At any rate, whether due to the topes or – more likely – to the increased poverty in Guatemala – the traffic over the border was immediately and profoundly more chaotic, mostly in the wild diversity of vehicles on the poorly-maintained single-lane roads. Everyone! Motorbikes (ranging themselves from powerful bikes with single riders, to rickety contraptions loaded down with multiple passengers plus a cargo of sugarcane or straw or towers of empty plastic bottles), pickup trucks with their beds crammed with people and luggage, lorries with bits of their overflowing contents flying off the top, cars of every shape and size and condition, wildly painted chicken buses, cartoon-like mini-buses on tiny wheels proclaiming LOVE JESUS on their windshields, horses, the occasional donkey cart, agricultural equipment, and every single vehicle scrambling aggressively to pass the rest of the traffic along twisting, dangerous mountain roads.

It wasn’t as bad as India, but actually, it was as bad as parts of India.
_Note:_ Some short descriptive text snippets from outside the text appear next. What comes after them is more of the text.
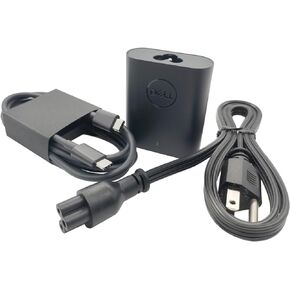 شاحن الكمبيوتر المحمول Dell GaN بقدرة 60 وات ومحول طاقة USB من النوع C - XPS 13 9320، Latitude 5330 5340 320 7330 9330، DA60NM200 HA60NM200 LA60NM200 in Kuwait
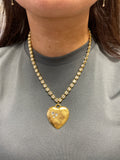 Lula 'n' Lee Jeannie Crystal Chain and Heart Necklace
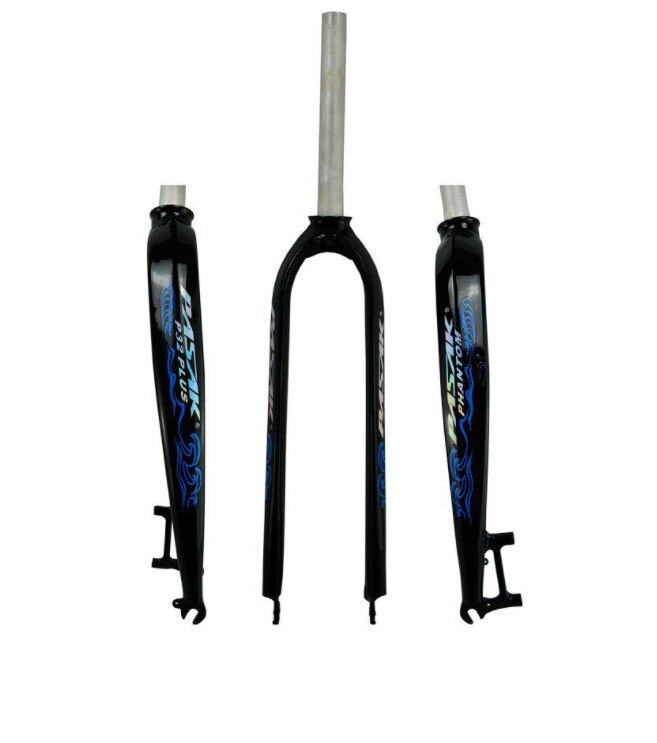 PASAK vélo fourche rigide 26 "27.5" 29 "aluminium montagne vtt vélo route vélo fourches rigide modèle P32 frein à disque: black blue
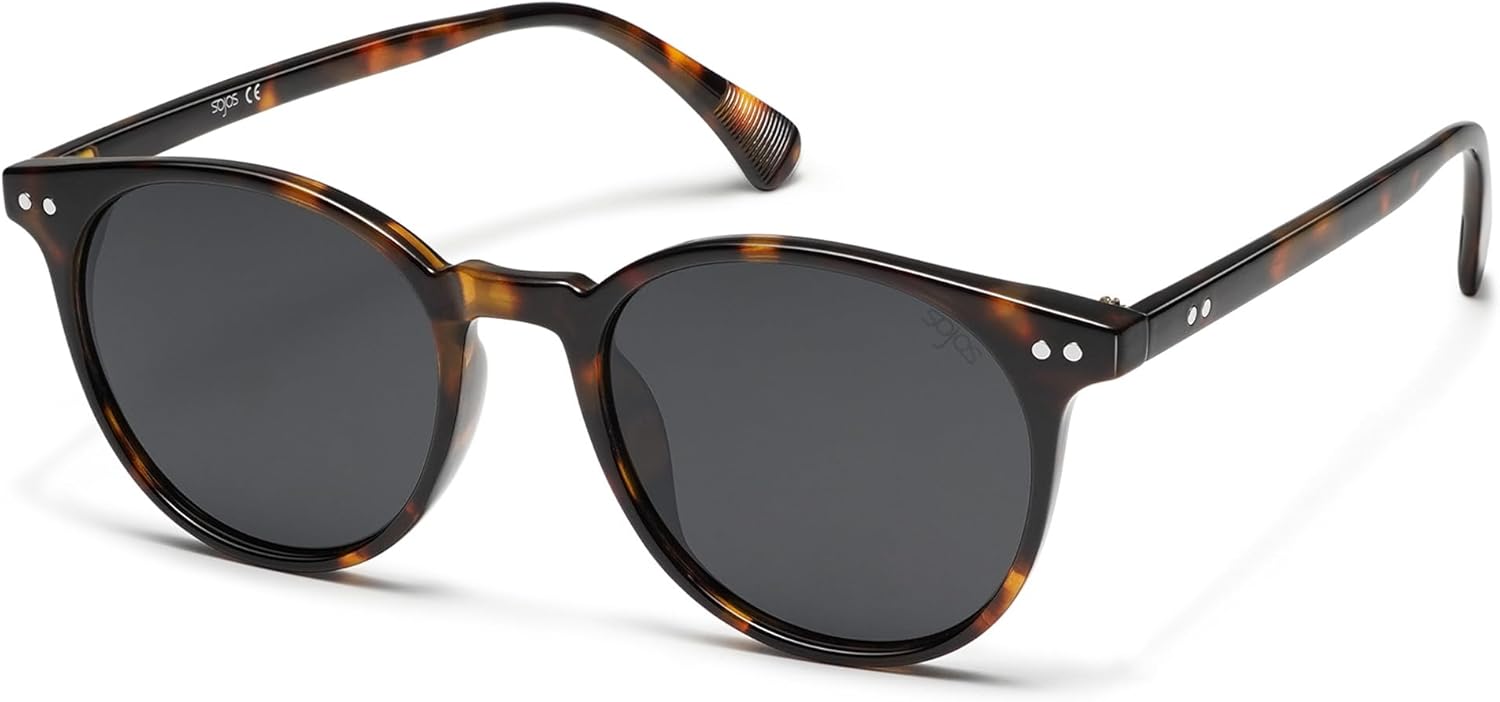 SOJOS Small Round Polarized Sunglasses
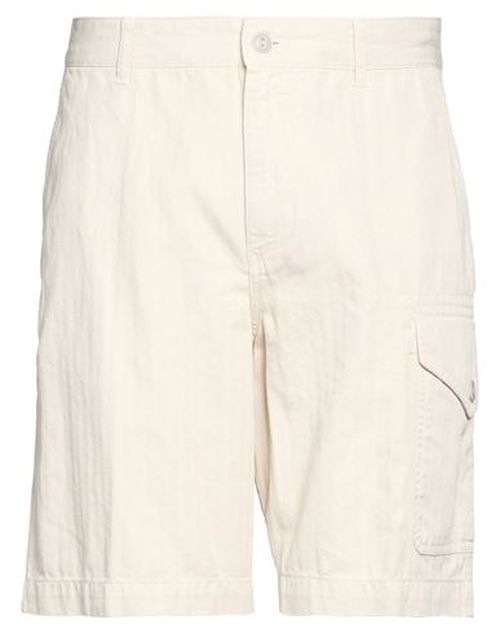 Man Shorts & Bermuda Shorts Beige Size 34 Cotton, Linen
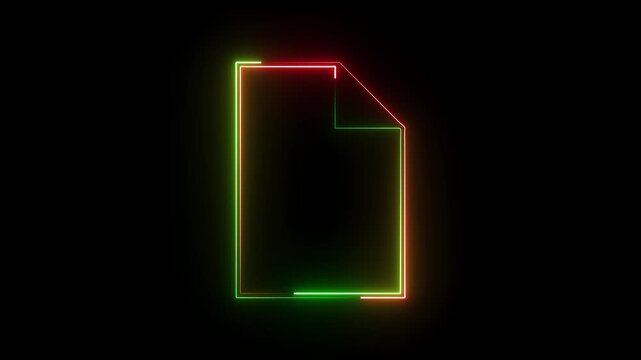 A vibrant neon notebook icon pulses with glowing lines. Animated pages flip gently, emitting light trails, creating a dynamic, modern effect that symbolizes creativity and digital learning.
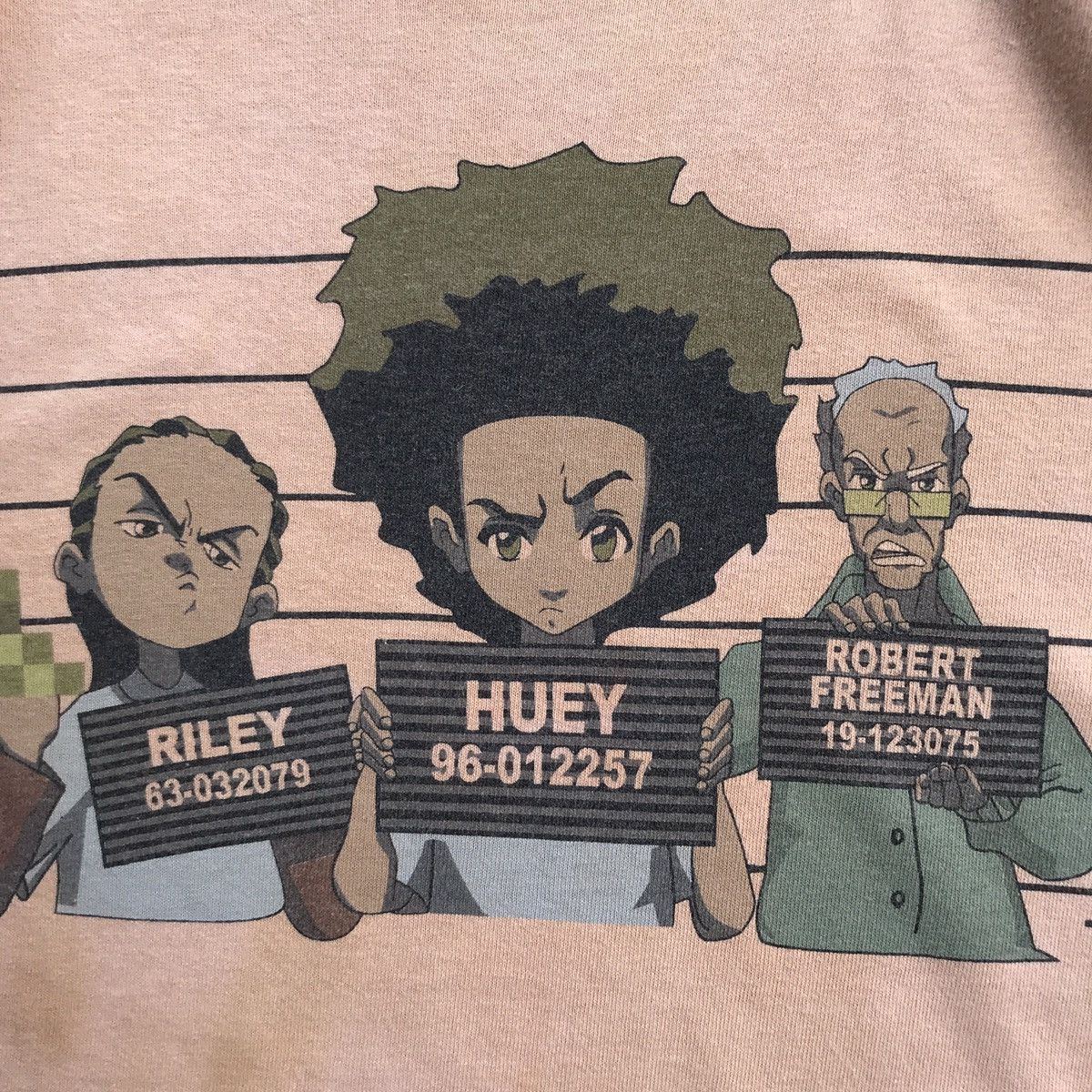 Cartoon Network × Rap Tees × Vintage 2000's American Sitcom Series - The Boondocks T-Shirt Size US M / EU 48-50 / 2 - 4 Thumbnail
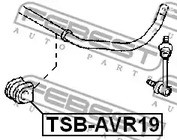 Spare Parts and Consumables - TSB-AVR19 ВТУЛКА ЗАДНЕГО СТАБИЛИЗАТОРА D19 TSB-AVR19 FEBEST Febest TSBAVR1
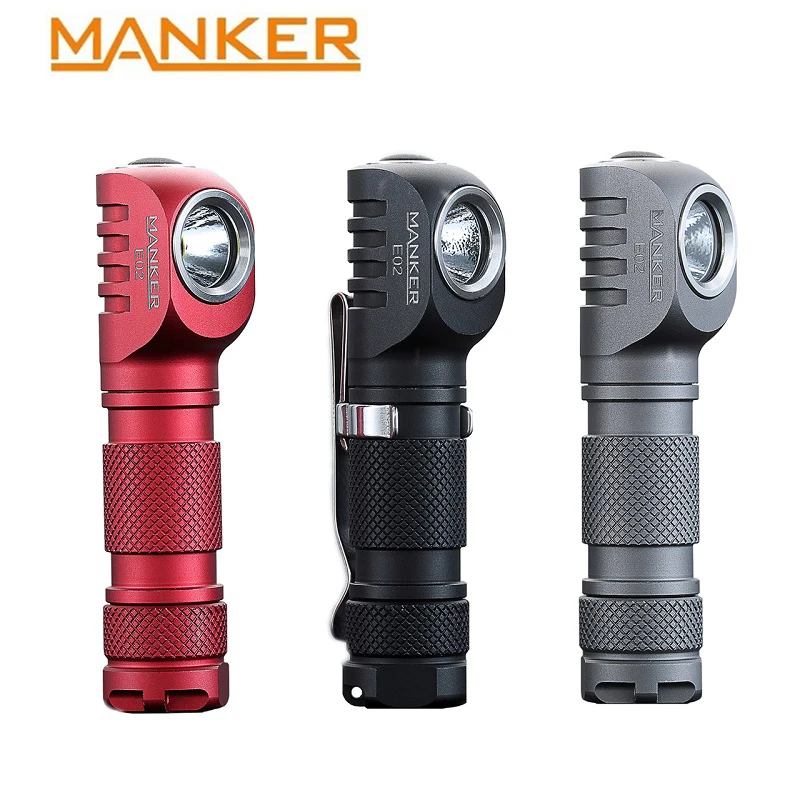  MANKER E02 220 Lumen CREE XPG3 /180lm Nichia 219C LED Keychain Light Mini EDC LED Flashlight w Reve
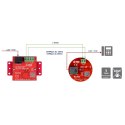 ZESTAW KONWERTERÓW UTP / 2-WIRE DO TRANSMISJI LAN+POE ETH-2WIRE-A-SET2 KOMPLET 2 SZT ATTE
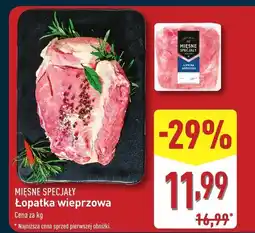 ALDI Łopatka wieprzowa Mięsne Specjały oferta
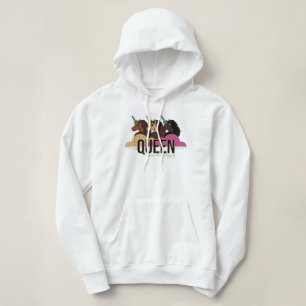 Sudadera Diseño de trío de reina Afro Unicornio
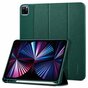 Housse en cuir artificiel Spigen Urban Fit compatible avec iPad Pro 11 (2018 2020 2021 2022) - verte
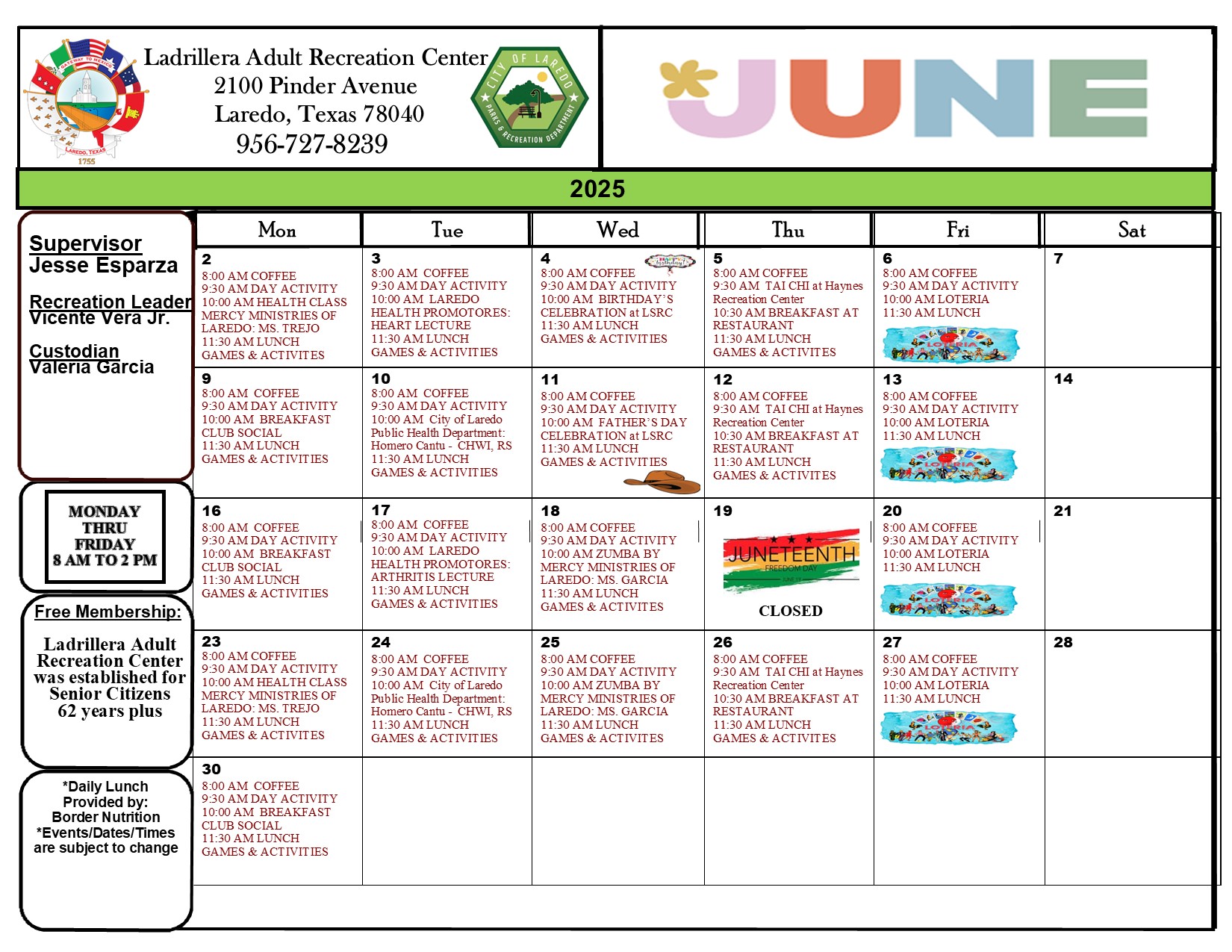 June 2025 Calendar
And as beautiful: jungle now lining the roads, the traffic more dangerous but also more colourful, from the sunset mangoes cresting the top of a truck’s container, to the spectrum of t-shirts of passengers packed into pick-ups, dangling off of chicken buses, and clinging to the backs of motorbikes. Occasionally the mountain road would give us a slice of the view, hazy hillsides dense with forest.

Jane was driving, and she took it like a pro, gunning Cochita’s 1.6L of power to stay on the tail of passing cars, zipping past tractors and bicycles and snail-paced huge trucks then ducking back in the face of oncoming traffic. We drove all the way to Xela, without stopping, climbing to that beautiful mountain town where the streets are cobblestoned and precariously sloped and as narrow as the alleyways of Paris, forcing all of the cars to park with two wheels on the curb and two in the street and a prayer that the mirrors don’t get knocked off. Not that we didn’t encounter wild driving in Mexico as well, but it was mainly confined to the cities, where lane markings are regularly ignored in favour of cramming in an extra lane-and-a-half of traffic. (Truly, this seems to be a beloved tactic in most countries on earth – someone should get wise and maybe just paint narrower lanes.) And the cuotas (toll roads) of Mexico are fabulous, expensive but in better condition than many American highways, populated by fast cars that cost many times more than Cochita. Guatemala’s roads were the first taste of how deeply impoverished Central America is in comparison to North America (a continent which very much includes Mexico, in more ways than just road quality), and just how different each of these marvelous countries are. Mexico and Central America! Eight countries previously lumped together in my inexperienced mind as a vaguely Spanish-speaking mixture of jungle, beach, tacos, and a sprinkling of drugs and murder. You know, of course, that they’re all different. But you don’t really know, until you see for yourself.